Copy exactly the lines from the one containing "Heart Shaped Tree" through the last line of the records below, including both, and leave out any pictures.

==================================================

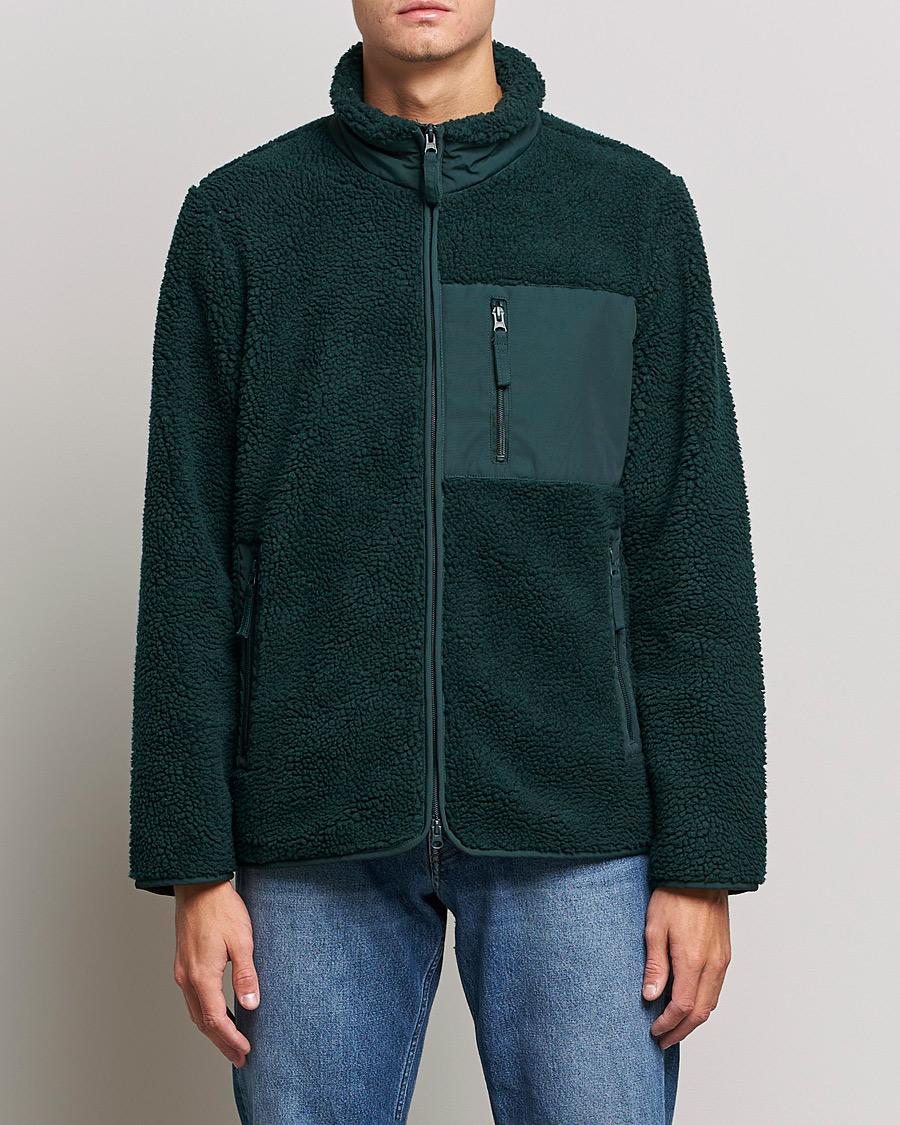 Herren | Pullover | A Day's March | Granån Recycled Fleece Jacket Bottle Green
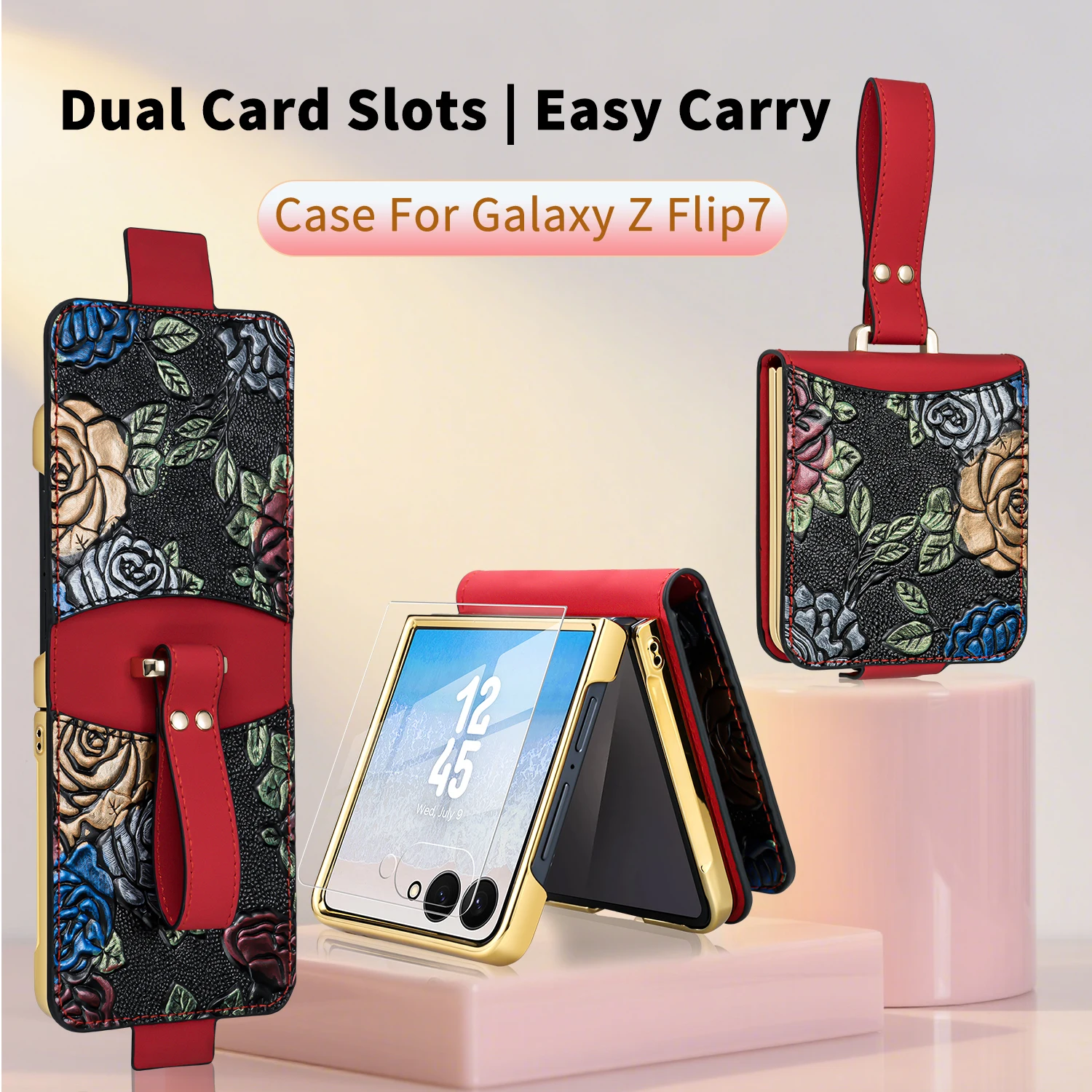 VIETAO PU-Leder Handyhülle für Galaxy Z Flip 8/7/6/5/4/3 mit Kartenfächern und Handschlaufe 3D-Relief-Malerei Kompatibel mit Mu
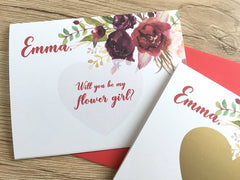 Sangria Flower Girl Personalized Scratch Off Proposal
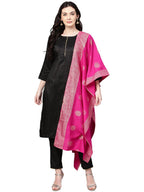 Ahalyaa Black With Bright Pink Kurta Set | Grocsy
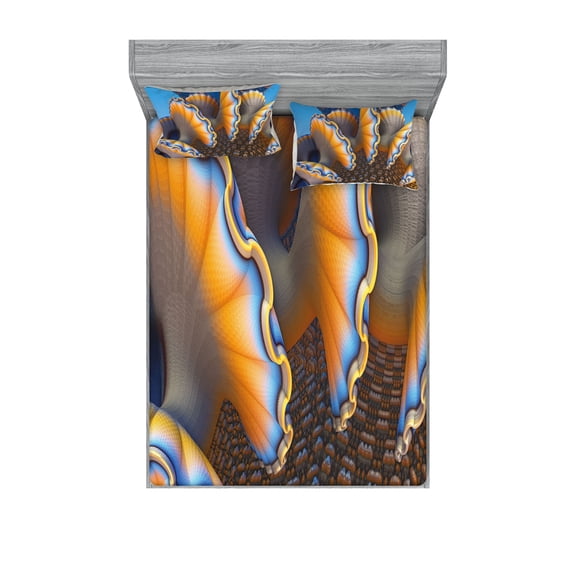 Ambesonne Nautical Fitted Sheet & Pillow Sham Set, Shells in Sea Ocean, Queen, Blue and Apricot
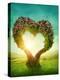 Heart Shaped Tree in the Meadow-egal-Premier Image Canvas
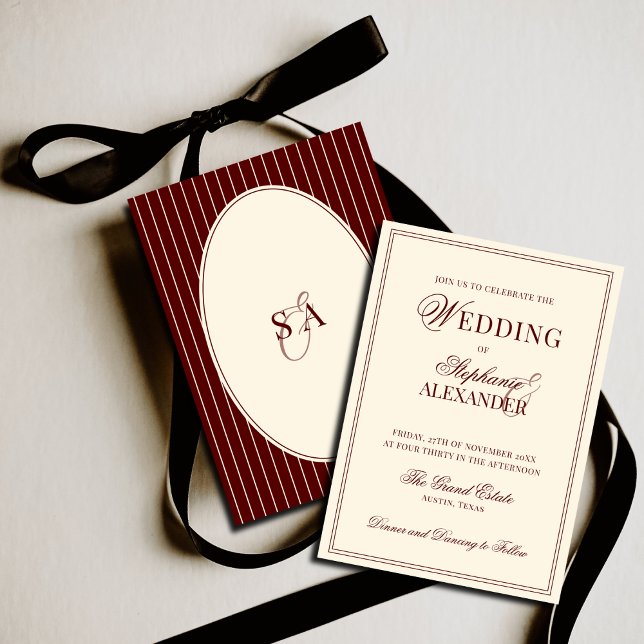 Deep Burgundy Ivory Stripe Oval Old Money Wedding  Einladung (Von Creator hochgeladen)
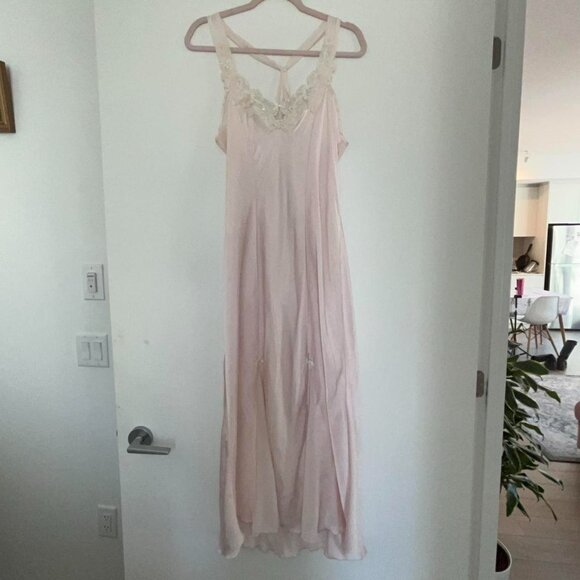 Baby Pink Satin Slip Dress - Picture 2 of 4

==================================================

Answer to the problem:
 Heart Shaped Tree in the Meadow-egal-Premier Image Canvas
 Deep Burgundy Ivory Stripe Oval Old Money Wedding  Einladung (Von Creator hochgeladen)
 Baby Pink Satin Slip Dress - Picture 2 of 4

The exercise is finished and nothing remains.